Tra il dire e il fare: misurare la D&I
05/11/2020 Autore: Chiara Zaccariotto
Diversità e inclusione sono diventati negli ultimi anni concetti la cui centralità viene riconosciuta quasi da tutte le aziende, pronte a comunicare e promuovere le proprie iniziative in tal senso. Tuttavia, quando si analizzano i dati l’evidenza è che servono ancora tempo e sforzi ulteriori per arrivare a una vera parità, e che – per quanto l’impegno attuale vada riconosciuto – le aziende non siano concretamente attive a sufficienza.
Uno degli osservatori più completi e, soprattutto, focalizzato sul settore finanziario – assicurativo è When Women Thrive, creato sei anni fa da Mercer, parte del Gruppo Marsh & McLennan Companies (MMC). Il Report di quest’anno, presentato a fine ottobre, ha potuto contare su un campione di 1.150 aziende in 54 Paesi, in rappresentanza di oltre sette milioni di dipendenti.

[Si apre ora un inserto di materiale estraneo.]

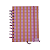 Agenda 2027 Rosa 11X15CM 336 Folhas Amigold - Imagem 3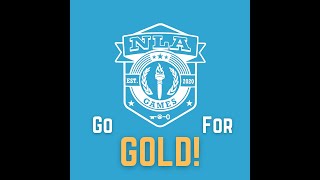 Nla Games - Opening Ceremony Week One Competition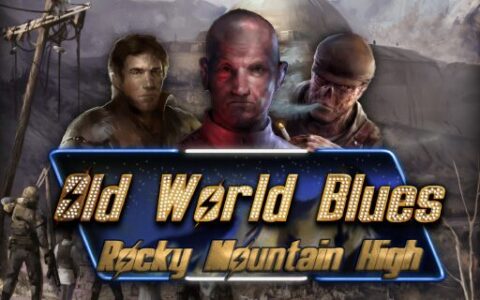 Old World Blues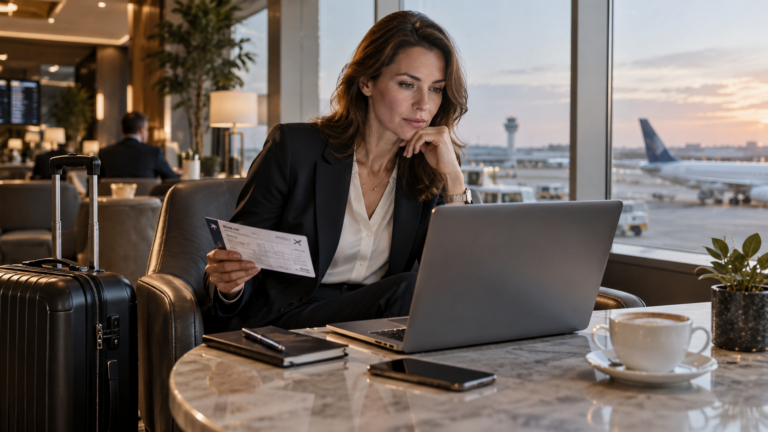Como reduzir custos em viagens corporativas sem comprometer a experiência
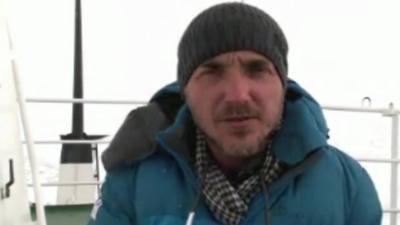 Professor Chris Turney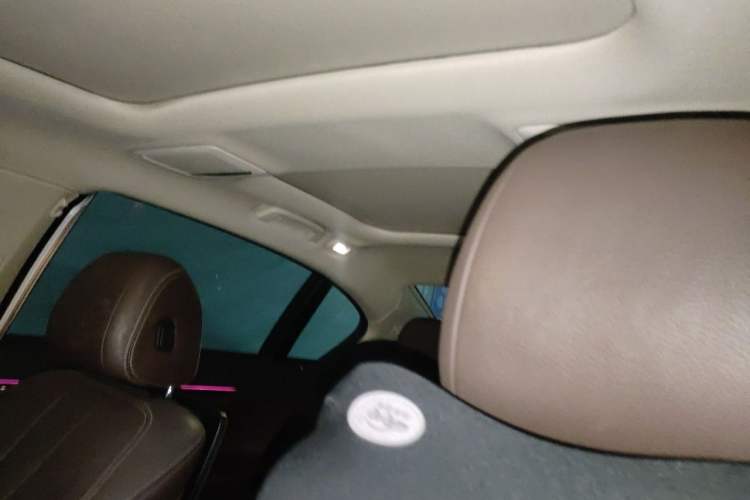 Used BMW 7 Series 2017 730Li Leading Model Headliner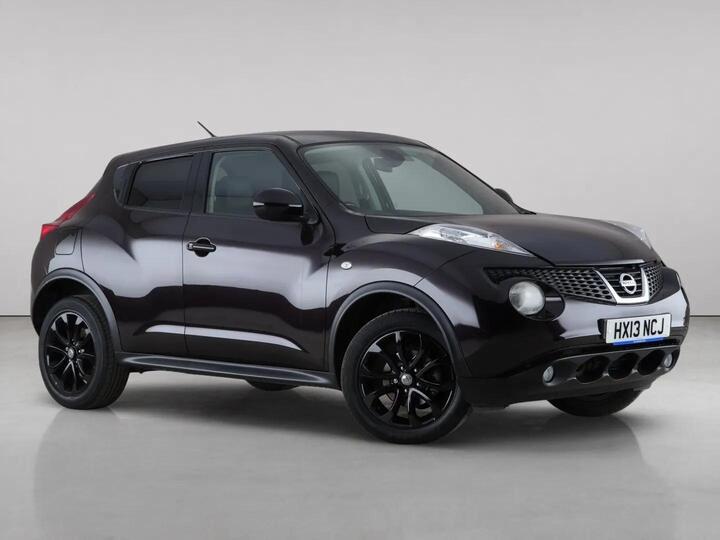 Nissan Juke 1.6 Tekna CVT Euro 5 5dr
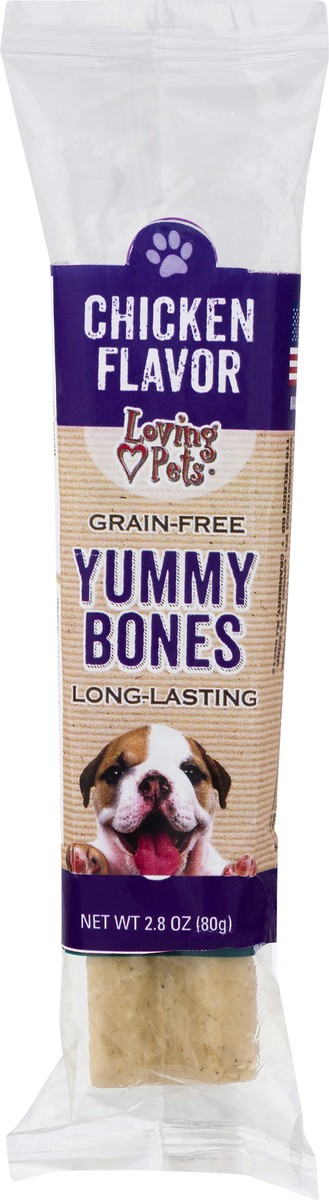 slide 7 of 10, Loving Pets Dog Treats 2.8 oz, 2.8 oz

L’81% dei rispondenti afferma che le tematiche D&I hanno nella propria realtà un ruolo “importante” o “molto importante”. D’altra parte, passando dal piano delle opinioni a quello dei fatti, la rappresentanza femminile nel complesso si limita ancora al 40%, due punti soltanto in più rispetto alla rilevazione del 2016. L’accordo è unanime nel ritenere che i team con una maggiore diversità portino valore aggiunto (proprio l’analisi di Mercer rileva che questi gruppi hanno una percentuale di successo più alta del 28%), tuttavia ancora oggi donne, rappresentanti di etnie diverse, appartenenti alle comunità LGBTQ+ e persone con disabilità ricoprono pochissimi ruoli di leadership o esecutivi. Tra le aziende Fortune 500, soltanto 33 (quindi circa il 7%) sono dirette da donne, e meno di un terzo ha nel board una rappresentanza bilanciata di donne o persone appartenenti a minoranze. Cosa serve per passare dalle intenzioni alle azioni, e vederne i risultati? Secondo il Report è possibile combinando tre elementi chiave nella gestione della D&I: l’utilizzo di analisi data-driven per prendere decisioni e misurarne l’impatto nel tempo, il porre obiettivi chiari e concreti, il cui risultato sia riscontrabile, e il coinvolgimento e la proattività del top management.
Aree d’attenzione
In merito al coinvolgimento del top management si rileva un progresso rispetto alla prima indagine, con il 59% dei rispondenti europei che si dice “fortemente d’accordo” o comunque “d’accordo” con il riconoscere un effettivo impegno del board e una percentuale maggiore (68%) che dà la stessa risposta relativamente ai livelli senior executive. La percentuale cala però nel prendere in considerazione il middle management e i front line manager, due categorie che sono fortemente coinvolte solo secondo il 14% degli europei e coinvolte secondo un altro 38%. Un risultato che potrebbe significare che la cultura della diversità e dell’inclusione è riuscita a permeare le sfere più alte, ma non ancora ad espandersi a cascata su tutti i livelli sottostanti.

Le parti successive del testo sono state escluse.